Thinking about things. Pictures in the dark. A football thrown down a dead-end street where we had broken all the street lights. Fireworks shot out of a bottle of Jim Beam. A map of Los Angeles underneath crossed pupils, slacked mouth, words like a roller derby at 3 a.m. Swimming at night in August rain. Racing in the Nissan on a dirt road through darkened pines. Graveyards not like this — rows and rows of crumbled stones. Death, just an inside joke on a Saturday night.
When I did crawl out, all elbows and knees, there were noises in the trees again. Things began to move. Life was returning.
Midday. Cement curing. Job complete … or as close I could complete it. Beside the gap, the door, the entry, I stacked the last of the stone so that Seth’s brother could close off the space after the ashes were placed inside.
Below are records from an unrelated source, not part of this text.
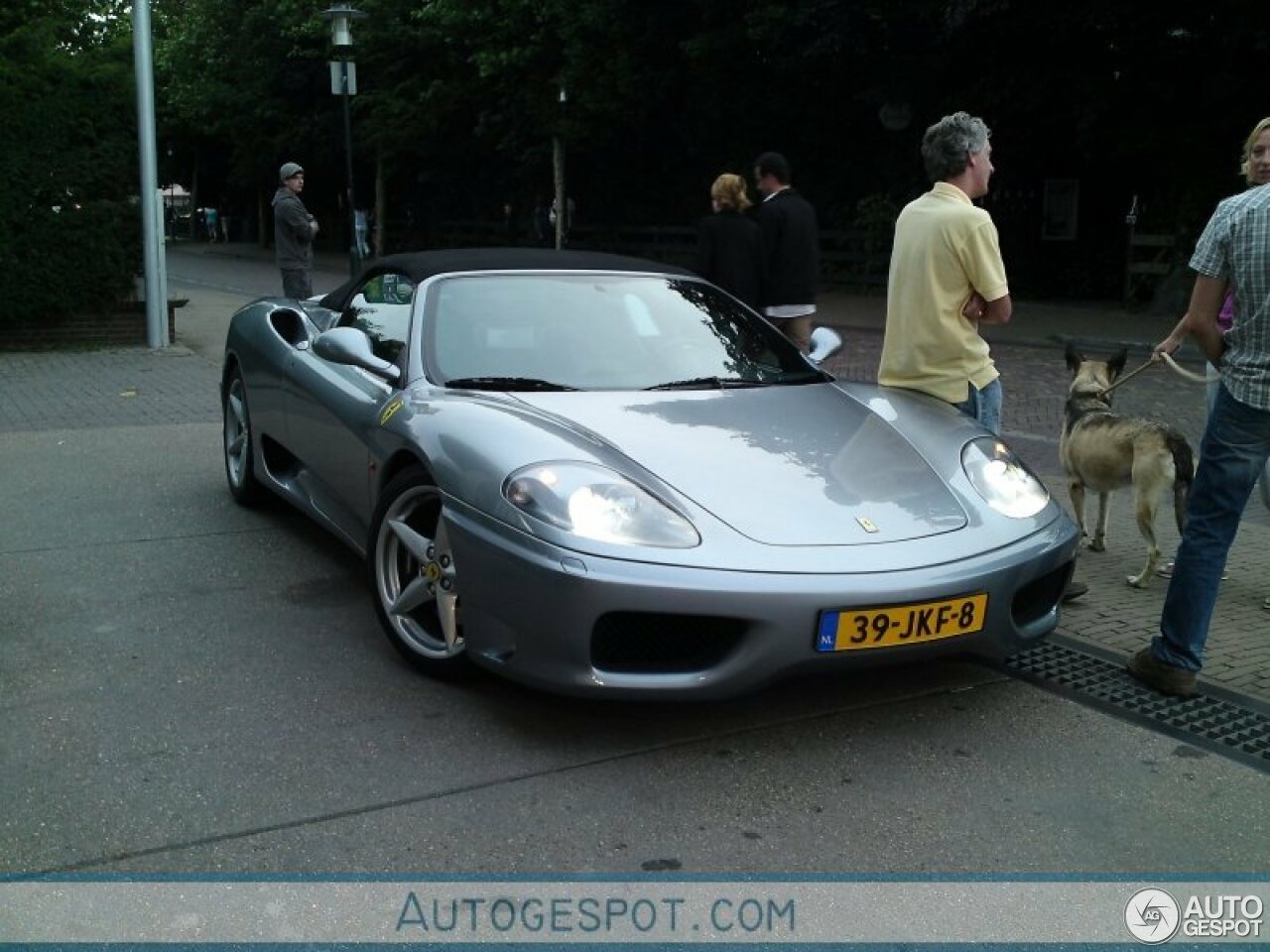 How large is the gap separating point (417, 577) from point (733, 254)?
393 centimetres

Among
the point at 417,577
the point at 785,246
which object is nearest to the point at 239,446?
the point at 417,577

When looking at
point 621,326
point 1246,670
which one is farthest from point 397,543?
point 1246,670

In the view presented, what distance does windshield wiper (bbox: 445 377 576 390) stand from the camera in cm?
454

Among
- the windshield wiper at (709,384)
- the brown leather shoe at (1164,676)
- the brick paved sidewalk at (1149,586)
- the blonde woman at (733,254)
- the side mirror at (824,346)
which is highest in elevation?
the blonde woman at (733,254)

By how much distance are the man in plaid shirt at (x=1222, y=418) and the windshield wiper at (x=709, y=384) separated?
1.47m

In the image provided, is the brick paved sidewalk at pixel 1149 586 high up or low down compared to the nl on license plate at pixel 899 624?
down

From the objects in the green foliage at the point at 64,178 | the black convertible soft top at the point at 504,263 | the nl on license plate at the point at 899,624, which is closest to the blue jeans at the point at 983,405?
the black convertible soft top at the point at 504,263

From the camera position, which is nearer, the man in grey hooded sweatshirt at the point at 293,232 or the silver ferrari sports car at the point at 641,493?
the silver ferrari sports car at the point at 641,493

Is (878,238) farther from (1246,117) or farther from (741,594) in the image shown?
(741,594)

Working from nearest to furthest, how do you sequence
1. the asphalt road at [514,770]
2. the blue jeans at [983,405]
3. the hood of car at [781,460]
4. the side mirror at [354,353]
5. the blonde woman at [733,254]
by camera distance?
the asphalt road at [514,770], the hood of car at [781,460], the side mirror at [354,353], the blue jeans at [983,405], the blonde woman at [733,254]

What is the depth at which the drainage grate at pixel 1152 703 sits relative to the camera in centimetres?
390

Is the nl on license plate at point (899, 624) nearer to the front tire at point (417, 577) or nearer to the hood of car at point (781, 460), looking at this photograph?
the hood of car at point (781, 460)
Knew I couldn’t bring myself to finish.
24
Harpie wanted to throw a party. No-one objected. She invited all of the neighbors from the surrounding lake houses, which weren’t many, and encouraged us to call people up from Jersey.
“This area is like a vacation paradise,” she said. “Tell your friends. Plenty of room, here. Saturday night.”
The look in her eye recalled sharks at feeding time. Animals in the zoo, looking at the zookeepers. What you got next?
Harpie leaned against me, her big breasts pushing together. She’d been into the red wine. Her teeth were gray and purple.
“Who wouldn’t wanna get up into these mountains?”